Posts Tagged With: Reading

Do E-Books Make It Harder to Remember What You Just Read?

This week the EdFive is full-on digitally focused.  The first entry may seem like a big, fat, PAUSE button, but be sure to read all the way through. The differences aren’t as significant as headlines indicate and the new iPad has “page folding” technology.  More research needed… [EF]

I received a Kindle for my birthday, and enjoying “light reading,” in addition to the dense science I read for work, I immediately loaded it with mysteries by my favorite authors. But I soon found that I had difficulty recalling the names of characters from chapter to chapter. At first, I attributed the lapses to a scary reality of getting older — but then I discovered that I didn’t have this problem when I read paperbacks.

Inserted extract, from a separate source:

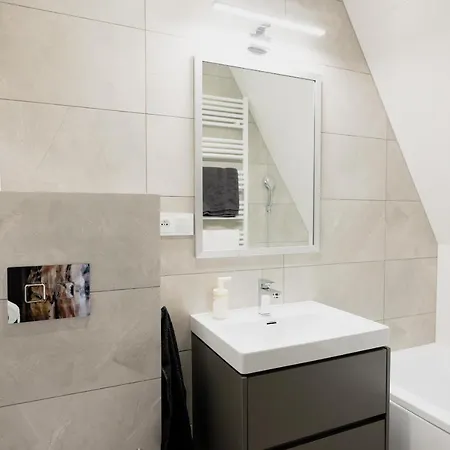 Citycenterapartment/m2/5 Apartament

When I discussed my quirky recall with friends and colleagues, I found out I wasn’t the only one who suffered from “e-book moments.” Online, I discovered that Google’s Larry Page himself had concerns about research showing that on-screen reading is measurably slower than reading on paper.

This seems like a particularly troubling trend for academia, where digital books are slowly overtaking the heavy tomes I used to lug around.

FULL ARTICLE: Do E-Books Make It Harder to Remember What You Just Read?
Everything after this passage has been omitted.